— PROBLEM STATEMENT —
Repeat exactly the lines below from the line that contains "A George III" to the last line, inclusive, without the pictures.

○ ○ ○ ○ ○ ○ ○

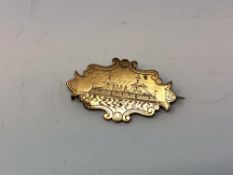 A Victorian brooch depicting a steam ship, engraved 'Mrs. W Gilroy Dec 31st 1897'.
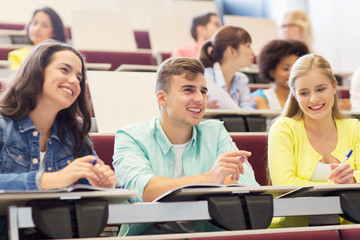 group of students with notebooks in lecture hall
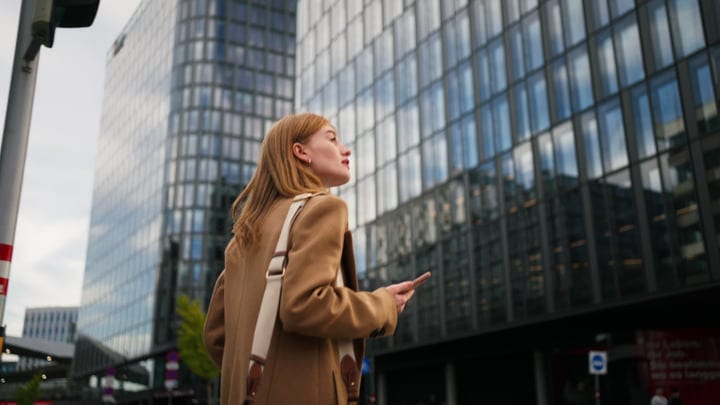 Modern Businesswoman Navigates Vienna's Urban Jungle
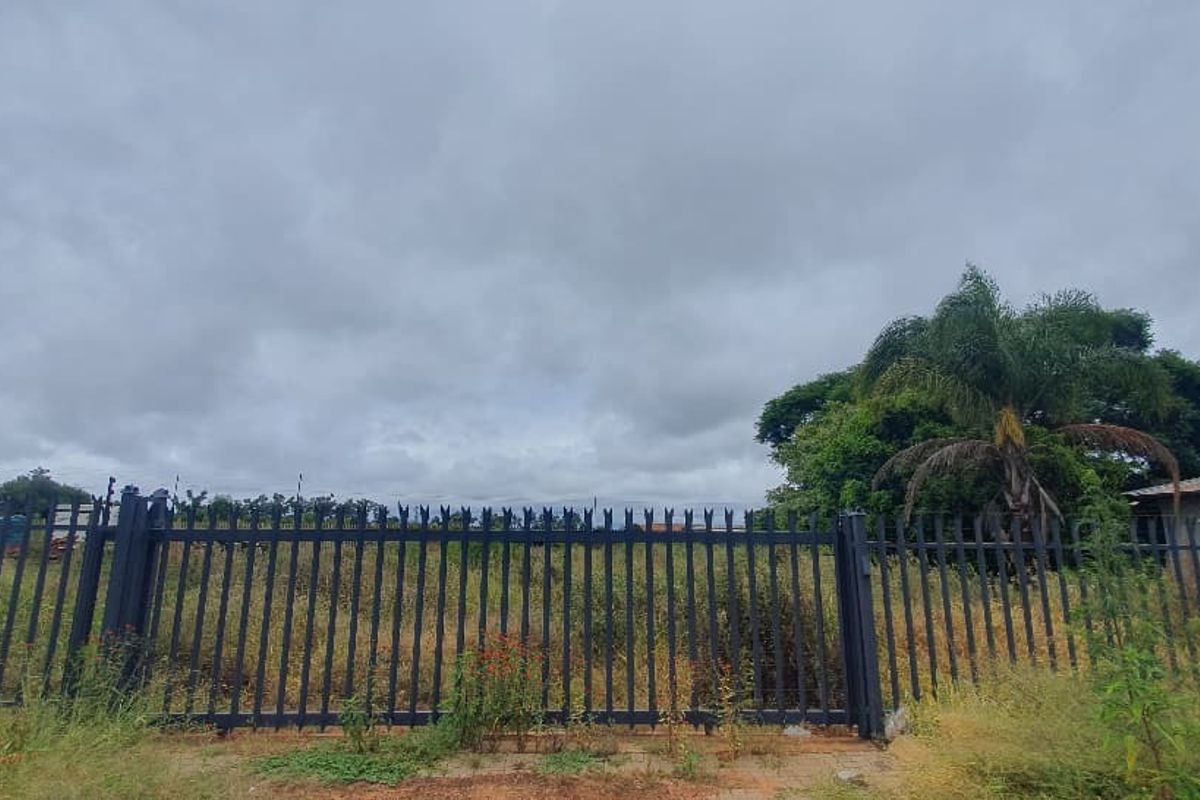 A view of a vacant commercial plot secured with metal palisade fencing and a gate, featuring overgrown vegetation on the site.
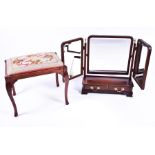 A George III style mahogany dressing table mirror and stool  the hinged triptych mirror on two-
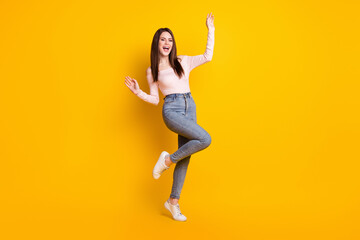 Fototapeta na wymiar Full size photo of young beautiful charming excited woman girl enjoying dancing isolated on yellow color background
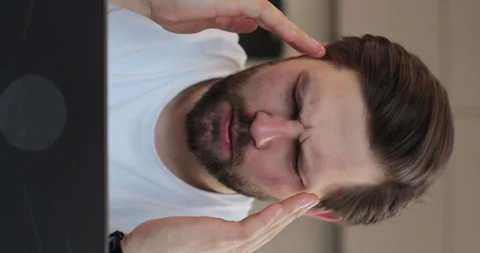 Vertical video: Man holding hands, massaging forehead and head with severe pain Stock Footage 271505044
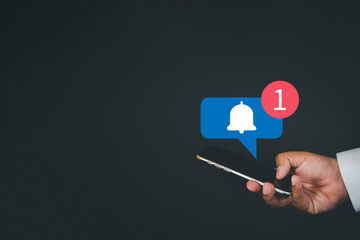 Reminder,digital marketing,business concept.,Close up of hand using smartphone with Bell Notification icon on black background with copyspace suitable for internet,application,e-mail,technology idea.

○ ○ ○ ○ ○ ○ ○

— RESPONSE TO THE TASK —
 A George III style mahogany dressing table mirror and stool  the hinged triptych mirror on two-
 Fototapeta na wymiar Full size photo of young beautiful charming excited woman girl enjoying dancing isolated on yellow color background
 Vertical video: Man holding hands, massaging forehead and head with severe pain Stock Footage 271505044
 Reminder,digital marketing,business concept.,Close up of hand using smartphone with Bell Notification icon on black background with copyspace suitable for internet,application,e-mail,technology idea.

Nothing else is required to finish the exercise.